Reproduce exactly the lines from the start of the records through the line containing "The Coccasio phenomenon", both included. Leave the pictures out.
++++ SUPPLIED RECORDS ++++
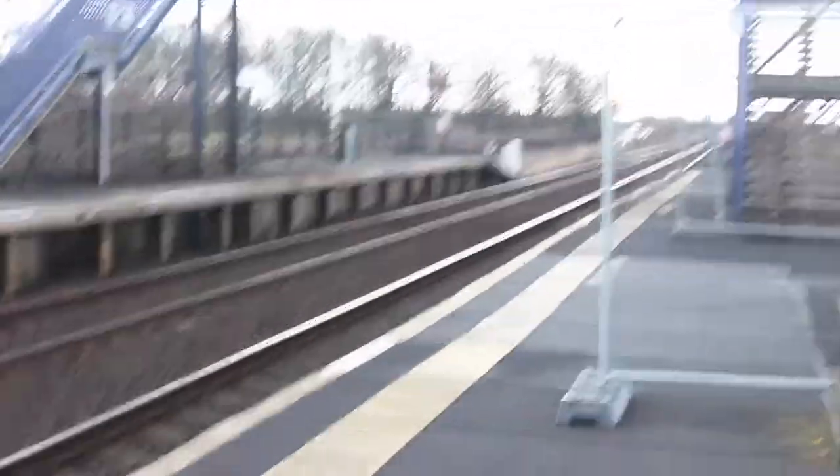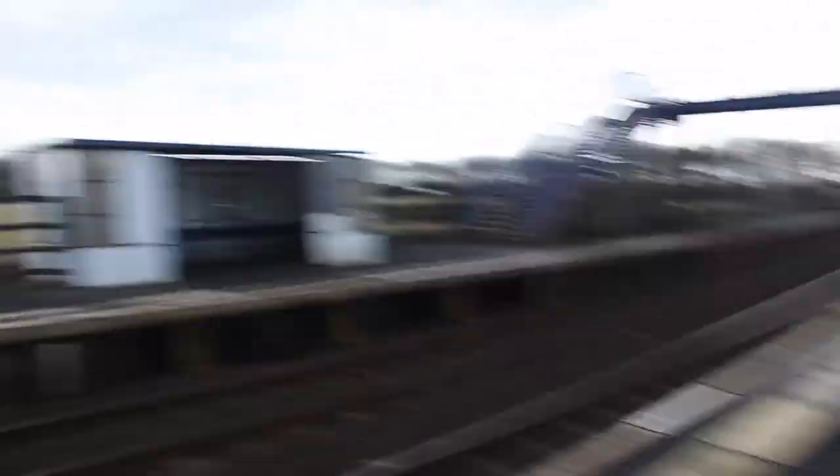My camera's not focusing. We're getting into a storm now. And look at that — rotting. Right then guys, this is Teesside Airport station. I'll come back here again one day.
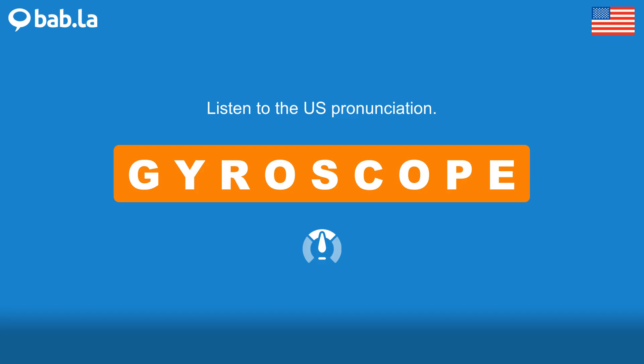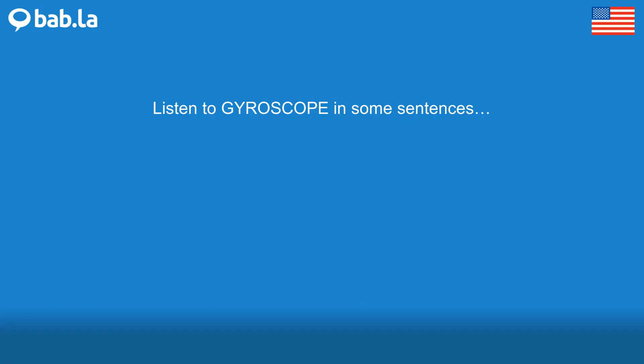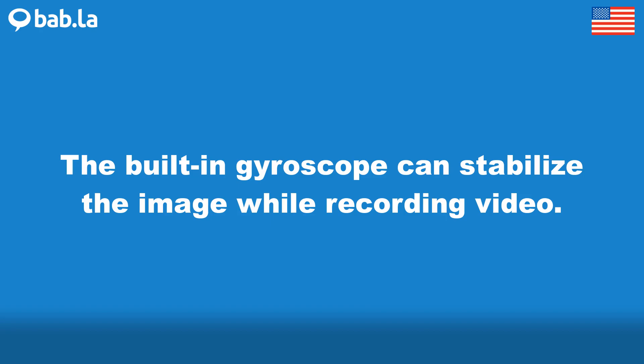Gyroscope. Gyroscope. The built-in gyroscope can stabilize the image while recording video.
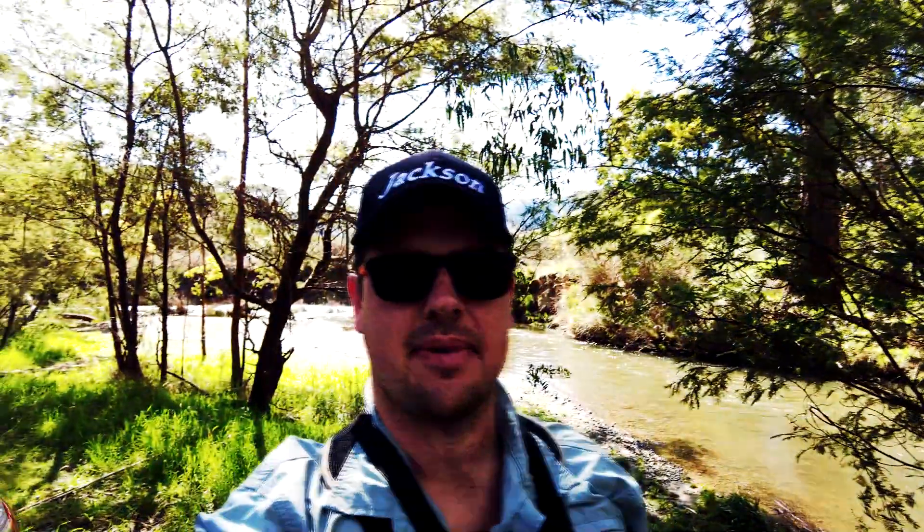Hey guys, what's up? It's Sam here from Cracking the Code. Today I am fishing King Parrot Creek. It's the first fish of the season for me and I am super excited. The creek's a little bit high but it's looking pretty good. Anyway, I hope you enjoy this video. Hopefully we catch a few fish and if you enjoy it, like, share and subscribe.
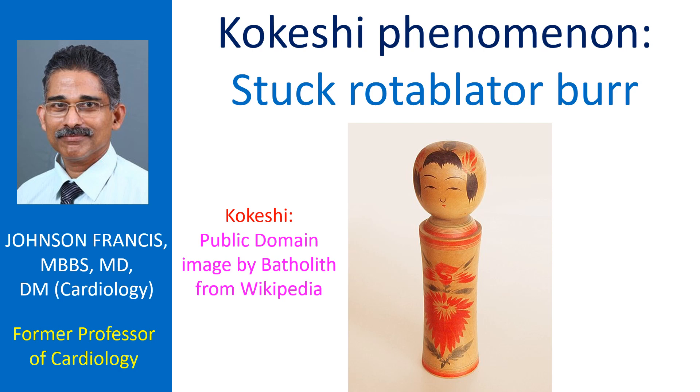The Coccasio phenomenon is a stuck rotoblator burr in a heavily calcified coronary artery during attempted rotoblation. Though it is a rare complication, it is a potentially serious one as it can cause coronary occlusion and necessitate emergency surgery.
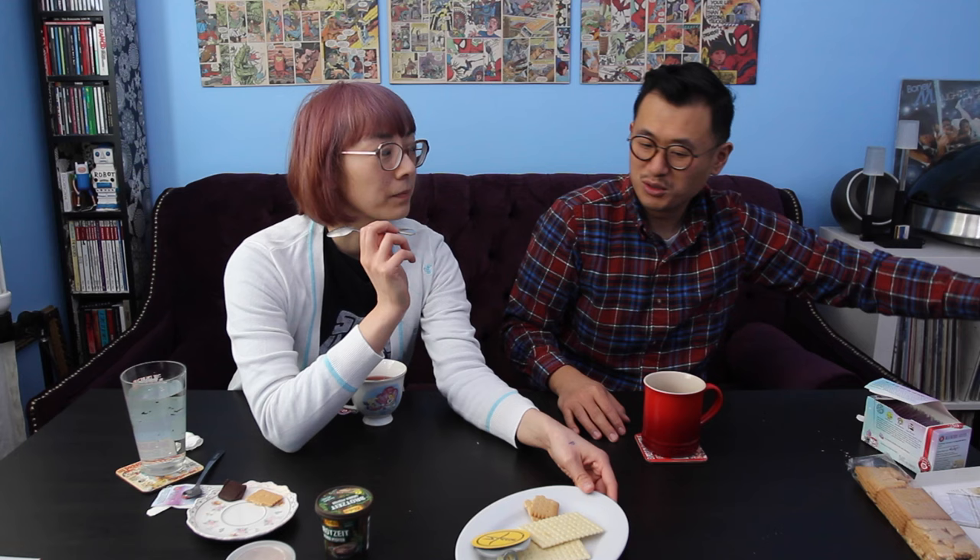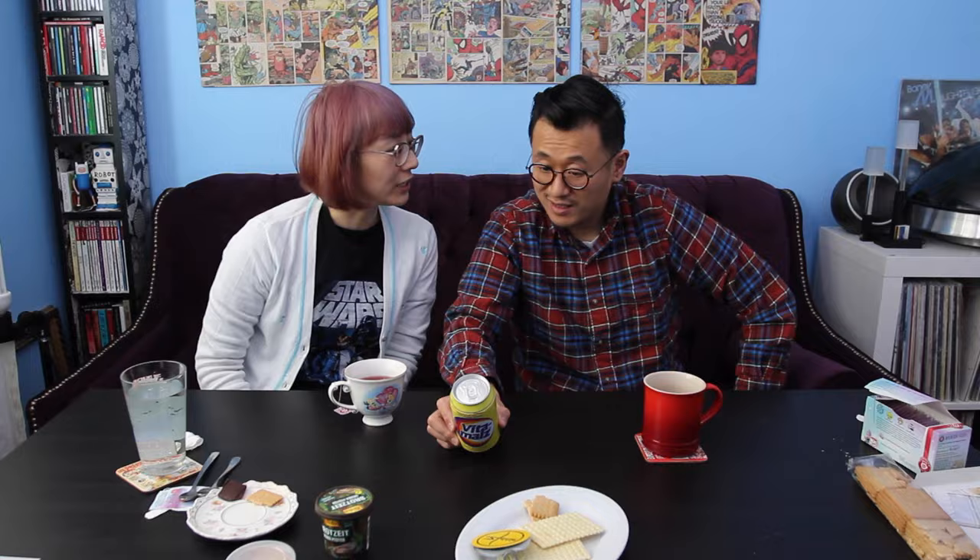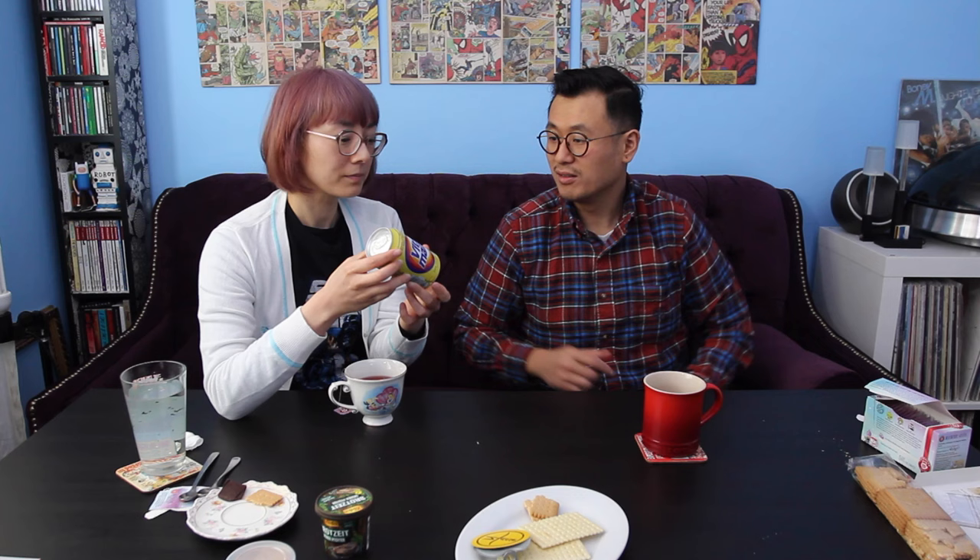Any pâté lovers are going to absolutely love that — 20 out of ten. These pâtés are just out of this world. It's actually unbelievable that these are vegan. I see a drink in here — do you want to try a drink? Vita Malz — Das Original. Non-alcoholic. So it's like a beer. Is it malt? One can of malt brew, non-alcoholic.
++++
▶ SOLUTION FOR THIS TASK:
My camera's not focusing. We're getting into a storm now. And look at that — rotting. Right then guys, this is Teesside Airport station. I'll come back here again one day.
Gyroscope. Gyroscope. The built-in gyroscope can stabilize the image while recording video.
Hey guys, what's up? It's Sam here from Cracking the Code. Today I am fishing King Parrot Creek. It's the first fish of the season for me and I am super excited. The creek's a little bit high but it's looking pretty good. Anyway, I hope you enjoy this video. Hopefully we catch a few fish and if you enjoy it, like, share and subscribe.
The Coccasio phenomenon is a stuck rotoblator burr in a heavily calcified coronary artery during attempted rotoblation. Though it is a rare complication, it is a potentially serious one as it can cause coronary occlusion and necessitate emergency surgery.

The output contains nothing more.